The same protocol stack that keeps a phone connected in Tehran can carry a science payload from the far side of the Moon. One network layer for Earth, orbit, and deep space.

The Problem

Why space breaks the internet

Contact windows

A satellite is overhead for minutes, then gone for hours. Regular internet gives up instantly. Our protocol waits for the path to return, then delivers.

Light-time delay

Earth to Moon: 2.6 seconds. Earth to Mars: up to 24 minutes. No regular protocol survives that. Ours was built for it.

Radiation & packet loss

Solar storms and cosmic rays corrupt data constantly.
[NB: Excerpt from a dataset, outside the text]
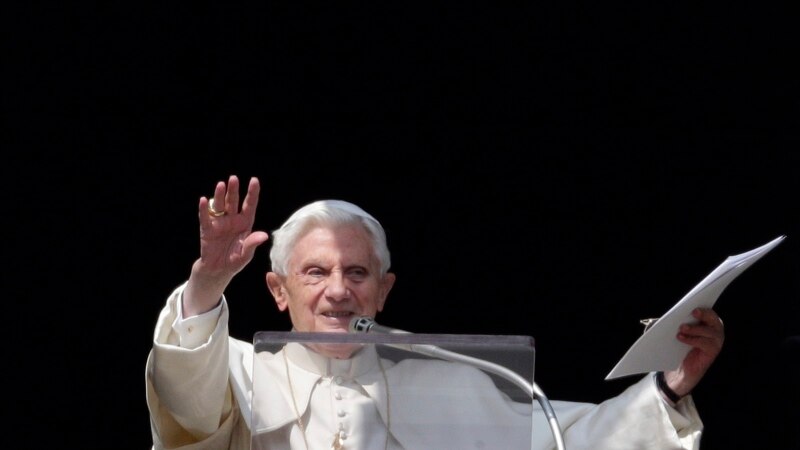 Мурдагы Рим папасы Бенедикт XVI көз жумду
Our stack retransmits, re-routes, and keeps the data moving even when individual links fail.

Compatibility

Built on the standards space already uses

NASA DTN Bundle Protocol v7 RFC 9171, interoperable with ION, HDTN, μPCN
LunaNet Interoperability Specification v5 NASA / ESA / JAXA, published January 2025
CCSDS Bundle Protocol Specification The international space agency consensus
ESA ARTES programs Open call for resilient SatCom networking
NASA HDTN reference implementation High-rate DTN router for science downlink
NIST post-quantum cryptography Hybrid handshake: classical + lattice + code-based
Where It Fits

Four environments, one stack

LEO constellations

Satellite fleets need routing that survives handovers and partial failures. Data keeps moving across the constellation without waiting for confirmations from every hop.

Deep space probes

From lunar relays to Mars orbiters: store, carry, forward. Data bundles travel autonomously across light-minutes of delay with quantum-safe verification.

Ground station mesh

Multiple ground stations instead of a single point of failure. Data is handed between operators with cryptographic receipts. Nobody trusts anybody, the data still arrives.

Disaster recovery

When cables are cut and satcom is the only link, the same stack reuses satellite contact windows to get messages out and coordination back in.